Damien Molineaux – Je suis partagé. Je pense que c’est une erreur de penser que les instances politiques et les institutions doivent s’occuper de tout. Ce n’est pas pour dire qu’on n’en a pas besoin mais il ne faut pas qu’on se repose sur elles. Il est bon cela dit que ces instances existent. Nous avons la chance en Suisse romande d’avoir l’Office fédéral de la culture, la RTS ou Cinéforom (la Fondation romande pour le cinéma), ainsi que de nombreux autres possibilités de soutiens. Heureusement qu’elles sont là. Autant l’art est un besoin essentiel, autant, quand il s’institutionnalise, il perd son âme. Il faut trouver un équilibre là-dedans. Je pense qu’il y a un certain militantisme dans le fait de faire des Kino-Kabarets. En même temps pour moi, c’est le devoir d’un artiste de faire ça et je pense qu’on l’oublie.

Geneva Business News — KinoGeneva propose maintenant des rendez-vous réguliers durant l’année pour entretenir la flamme des participants dans un esprit très familial.

Sandrane Ducimetière – Il y a une centaine de cellules Kino dans le monde et sur les six continents. Je crois que la « famille Kino » nait de l’expérience commune vécue dans ces Kabarets pendant dix jours. Faire des films ensemble dans une énergie créative et instinctive, avec une liberté et de l’entraide, crée des liens. Il y a un Kino-blues après chaque Kabaret, qui fait que les gens ont envie de se retrouver. Nous avons eu l’envie de faire perdurer cette énergie, en offrant tous les deux mois, un espace de projection de films qu’on a appelé « Les projections bimestrielles ». Chaque réalisateur peut proposer un film et se confronter à un public. Le fait que ce soit régulier et qu’il y ait cet espace, donne envie à d’autres de participer. A Montréal, il y a énormément de films qui arrivent chaque mois pour les projections. Il y a une grande envie d’expérimenter et d’expérimenter encore. En Suisse, par contre, il est plus difficile de motiver les réalisateurs à faire des films durant l’année.

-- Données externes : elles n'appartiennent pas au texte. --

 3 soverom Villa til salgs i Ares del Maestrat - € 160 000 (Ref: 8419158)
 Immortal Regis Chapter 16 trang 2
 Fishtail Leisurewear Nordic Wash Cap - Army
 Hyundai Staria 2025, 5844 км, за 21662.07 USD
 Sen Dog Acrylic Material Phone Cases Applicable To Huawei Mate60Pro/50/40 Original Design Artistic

Geneva Business News — Les réalisateurs auraient moins d’appétit sous nos latitudes ?

Sandrane Ducimetière – Peut-être…

Geneva Business News — Ceci est un autre débat… Kino prône le sens de la solidarité qui fait défaut au milieu du cinéma romand contrairement à celui du théâtre.

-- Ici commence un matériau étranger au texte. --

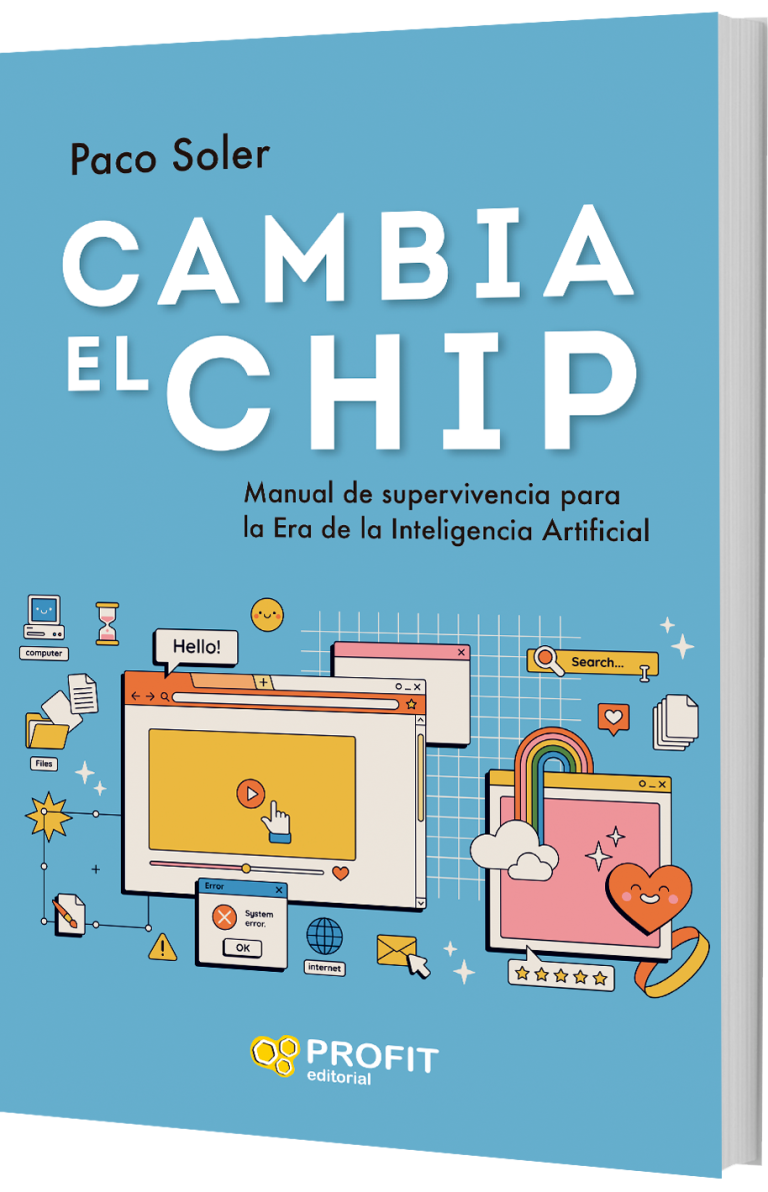 Cambia el chip D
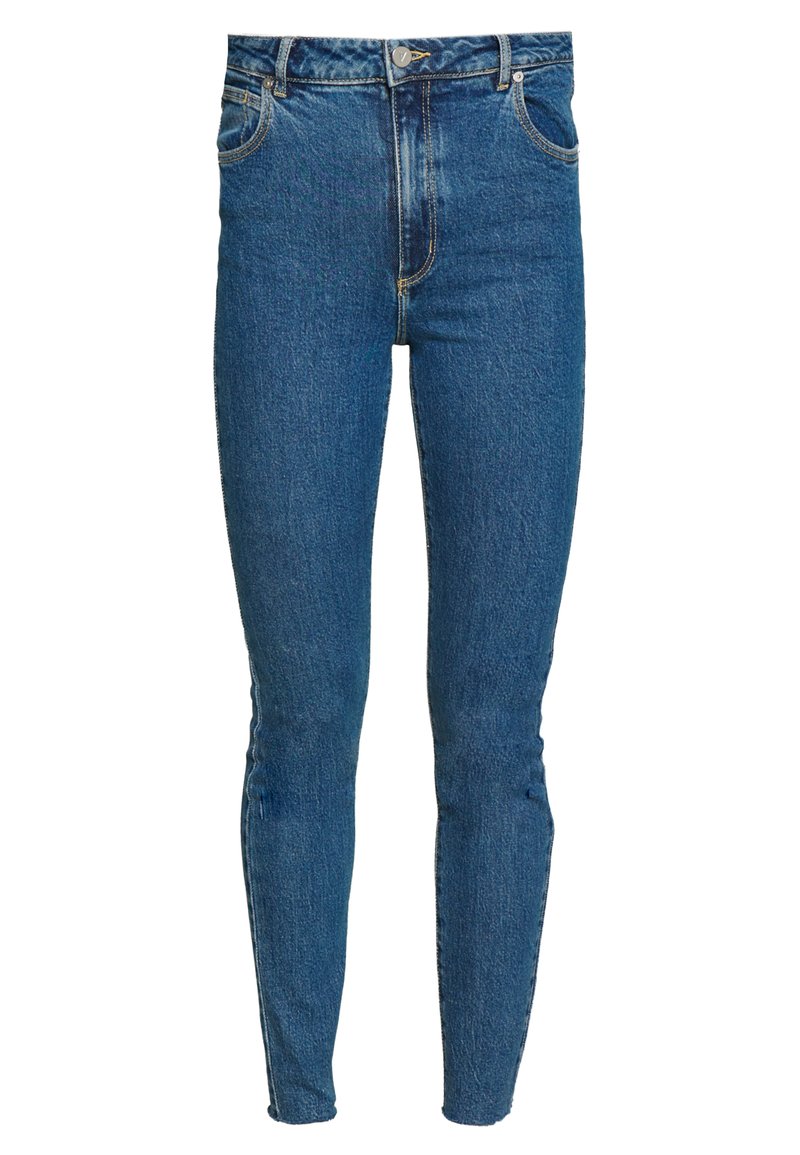 Abrand Jeans Jeans Skinny Fit blauw denim/bluedenim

Damien Molineaux – Je ne connais pas assez le milieu du théâtre mais je remarque que les gens travaillent beaucoup dans leur coin dans celui du cinéma. Les projets aboutissent rarement. Les réalisateurs doivent faire des dossiers interminables et ils passent des heures devant leur ordinateur chez eux. Il y a aussi le fait que bien qu’on soit dans un pays riche, il y a relativement peu de moyens pour le cinéma. C’est aussi lié aux régions linguistiques. En Suisse romande, il y a peu de gros projets qui se font. Et malheureusement, les gens sont beaucoup en compétition les uns avec les autres. Non seulement les réalisateurs mais aussi les producteurs qui déposent leur projet. Je peux le dire parce qu’actuellement, je fais partie d’une commission où il y a soixante-cinq projets qui ont été soumis. Si on pouvait financer tous les projets, la somme se monterait à 3,7 millions. Et il y a à peine un million de disponible. Voilà. Les trois quarts des projets vont être refusés. C’est aussi la réalité du cinéma ici. Je rejoins ce que je disais auparavant. Les gens dépendent trop de ça et Kino propose autre chose. Pour moi, ce mouvement rappelle les origines du cinéma et je dirais même de l’art en général. Oui, on est obligé d’attendre un financement pour pouvoir en vivre, mais on n’est pas obligé de l’attendre pour créer. Je pense que ça parle aux gens qui ont participé à un Kino-Kabaret. On est là pour s’entraider et pour faire. Il y a une effervescence lors des Kabarets qui nous nourrit.¶

 

 

Propos recueillis le 14 septembre 2015 par Delphine Luchetta à la Maison des Arts du Grütli à Genève pour le magazine Geneva Business News.